Virginia Woolf
© Fabulorum. José Medio

Lady Ottoline was above all a stupendous hostess. One of those individuals historians and cultural pundits love to cuddle and criticize almost in the same breath. Her influence as a catalyst to artists, painters and writers during the Edwardian period and beyond was undisputed. Lacking the creative flame herself, she was excluded from the inspiration that she so remarkably fostered in others.

Born an aristocrat, Ottoline Violet Anne Cavendish-Bentwick, was bestowed with an unusual physique. At six foot three, with an impossibly beaky nose, she towered over her circle of protégés and so called friends, dressed in gaudy drapes and hats – Lytton Strachey described her appearance as “the Spanish Armada in full sail”-. She would add high heels to her attire and the final result was one of perplexing authority. Her cultivated façade added to her physical extravagance and made her often appear as an object of derision.

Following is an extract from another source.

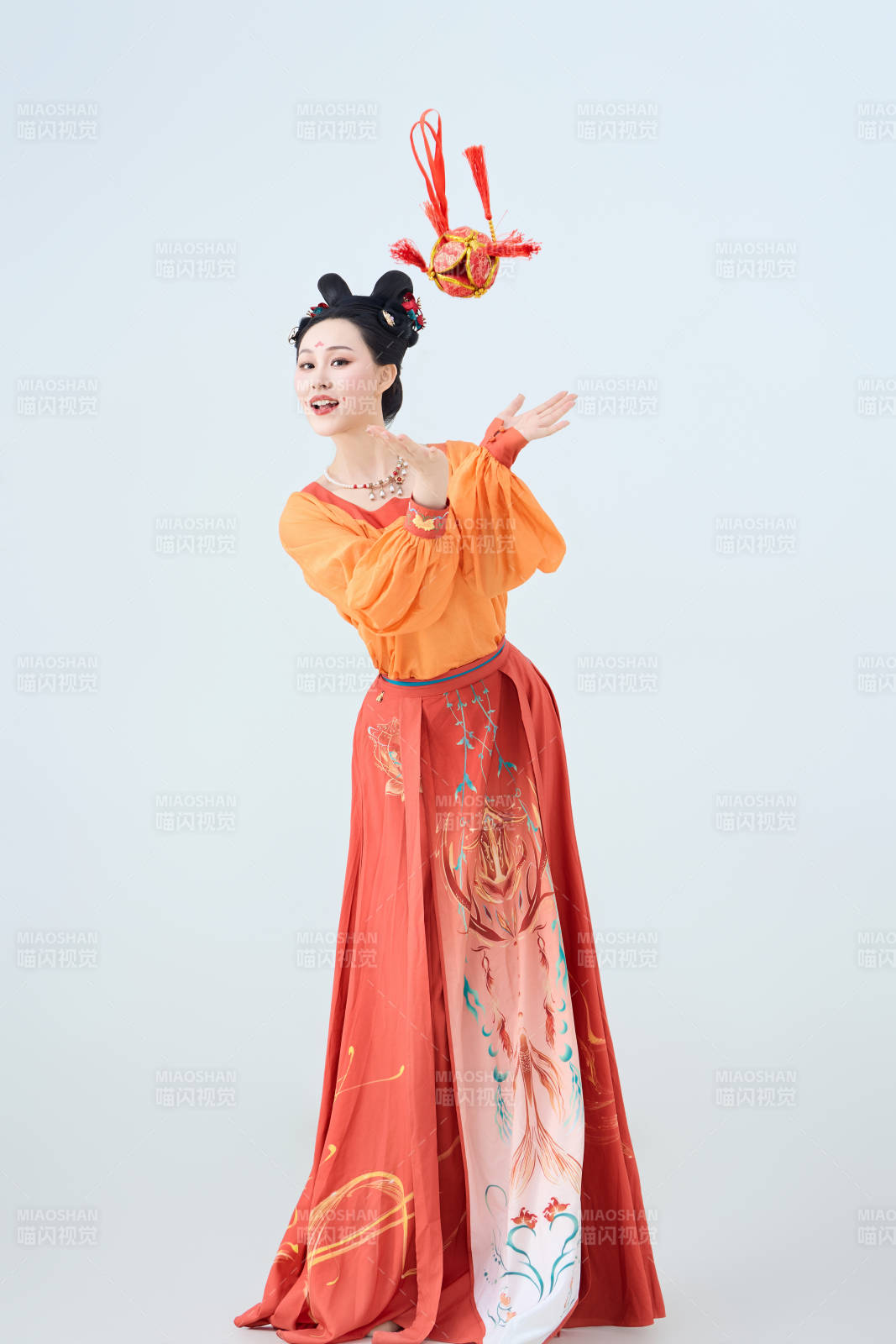 穿着古代唐朝服饰妆造表演古典舞的美丽舞者图片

After an initial affair with Alex Munthe in Capri, Ottoline moved back to her stomping grounds. She married Philip Morrell, a liberal M.P. of pacifist leanings. They both entertained in their London home at Bedford Square. All the luminaries from the Bloomsbury circle frequented their parties, but it was at Garsington Manor, their country Tudor estate acquired by the couple in 1914, where Ottoline shone as a patron. The restlessness that pushed her to break the constraints of her aristocratic upbringing found an outlet in the salons where she generously encouraged the likes of Aldous Huxley, Lytton Strachey, D.H. Lawrence, Duncan Grant, Virginia Woolf and T.S. Eliot among so many other admirers or hangers on. Her intellectual rebelliousness stayed safely on the side of non-political commitments, except for the pacifism that many of her class defended. She was not a participant in the world of Emmeline Pankurst and the emerging political and social rights for women.

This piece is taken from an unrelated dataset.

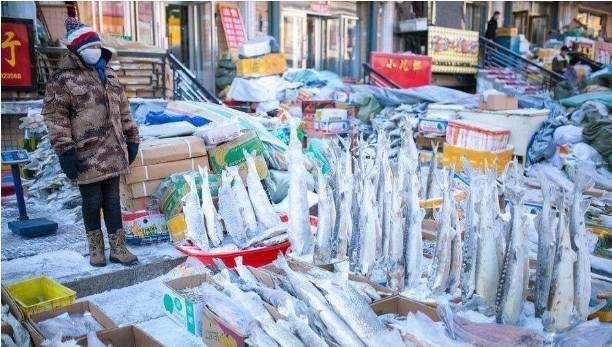 哈尔滨冬天零下35度,大街上的摊贩怎么卖菜?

Ottoline adopted the free morals of her companions and collected lover after lover. In 1911 she began a relationship with the philosopher Bertrand Russell which lasted for several years and was carried on with the acquiescence of her husband, a philanderer himself. It produced more than 2000 letters of correspondence and gives us a curious insight in a very unlikely relationship. In spite of their enduring bond, Ottoline hinted several times at the physical repugnance he provoked in her.

There was another side to Ottoline. A profound and vague spirituality that somehow ran parallel to her unattained longings to be someone she was not quite know how to be. She certainly wanted to be loved and appreciated. In her quest, she gave the best of herself to others. She may not have succeeded in giving it to herself.